** WORK INSTRUCTIONS **
After finding "商品图片 6 | B0BYCYNXHJ" in a line below, print that line and the rest of the lines exactly, leaving out all pictures.

#### DATASET EXTRACT

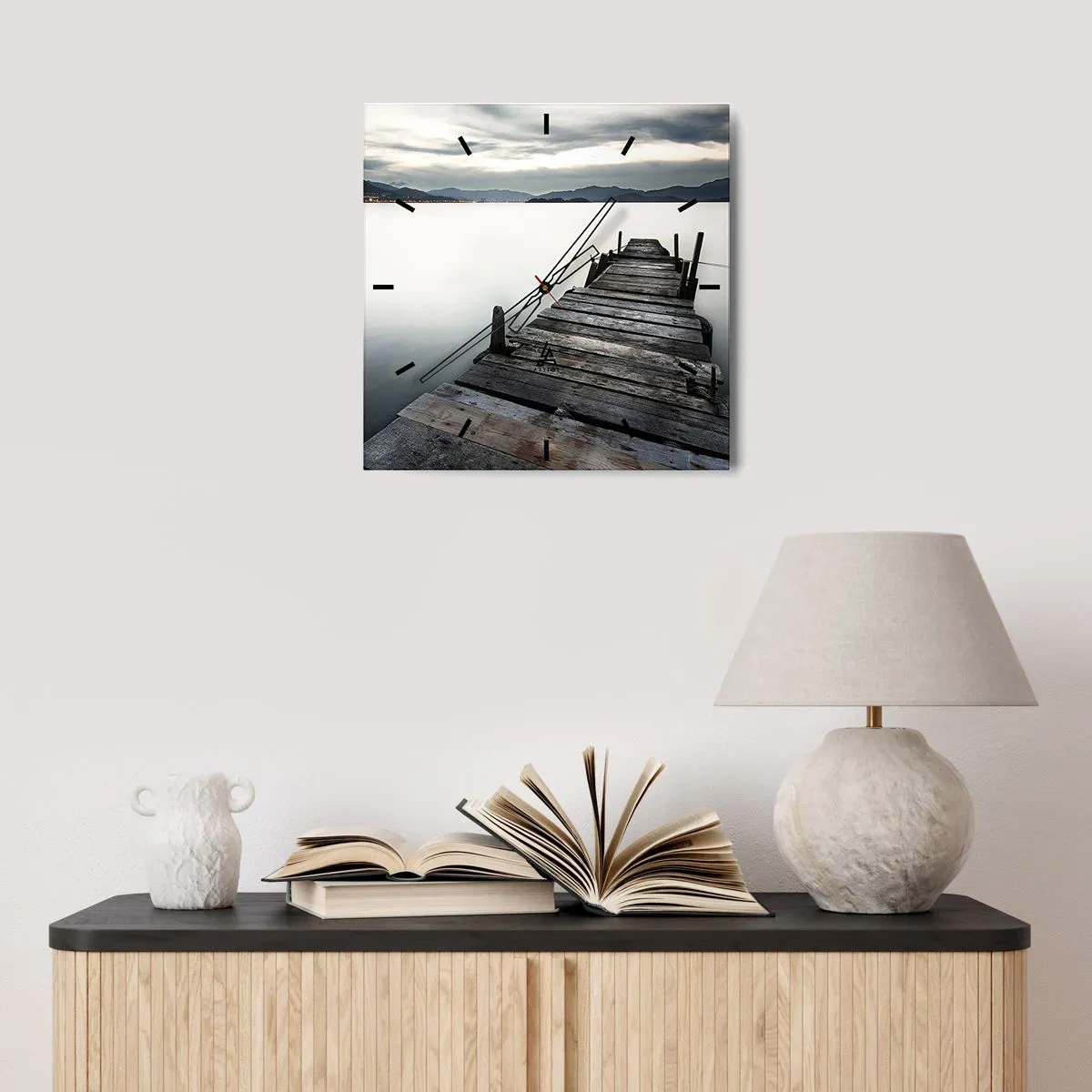 Horloge murale - Pendule murale - Immergez-vous dans la paix - 30x30 cm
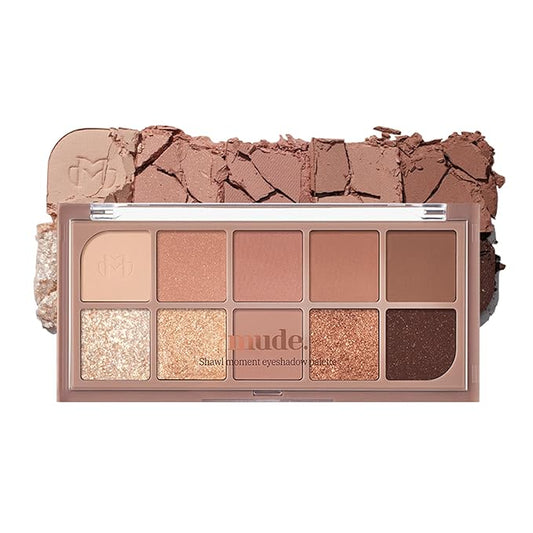 Shawl Moment Eyeshadow Palette Matte Shimmering Glitter Layering 10 Shades Highly Pigmented Blendable Color with Soft Texture Korean Makeup Eye Palette K-beauty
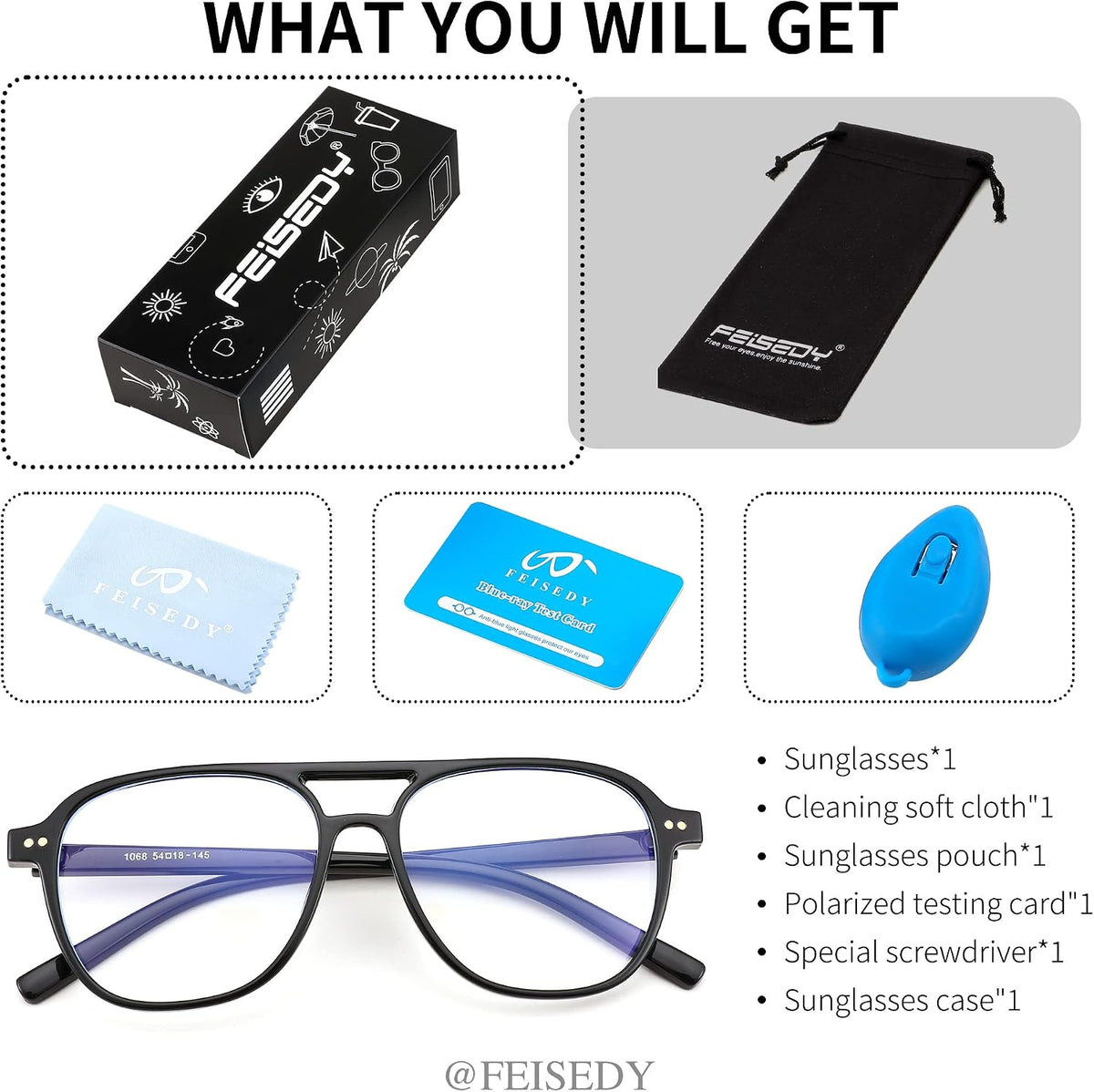 商品图片 6 | B0BYCYNXHJ | FEISEDY Lightweight Pilot Glasses Frame Blue Light Blocking Glasses Women Men Oversized Square Computer Glasses B2387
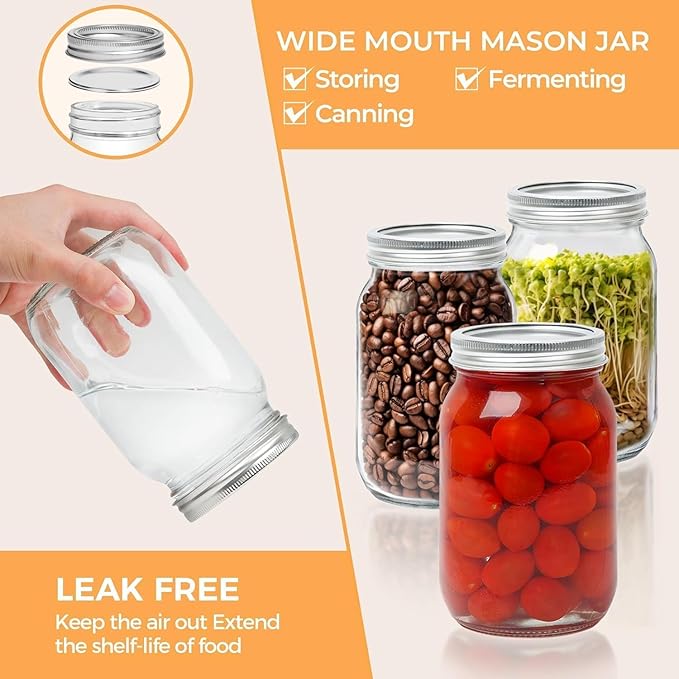 ComSaf Wide Mouth Mason Jars 32 oz with Lids 2 Pcs, Quart Mason Jars with Seal Band, Large Glass Jar, Big Canning Containers for Pickles, Jams, Sauces, Salsa, Sourdough, Juice, Suntea, Food Storage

########

** WRITTEN SOLUTION **
 商品图片 6 | B0BYCYNXHJ | FEISEDY Lightweight Pilot Glasses Frame Blue Light Blocking Glasses Women Men Oversized Square Computer Glasses B2387
 ComSaf Wide Mouth Mason Jars 32 oz with Lids 2 Pcs, Quart Mason Jars with Seal Band, Large Glass Jar, Big Canning Containers for Pickles, Jams, Sauces, Salsa, Sourdough, Juice, Suntea, Food Storage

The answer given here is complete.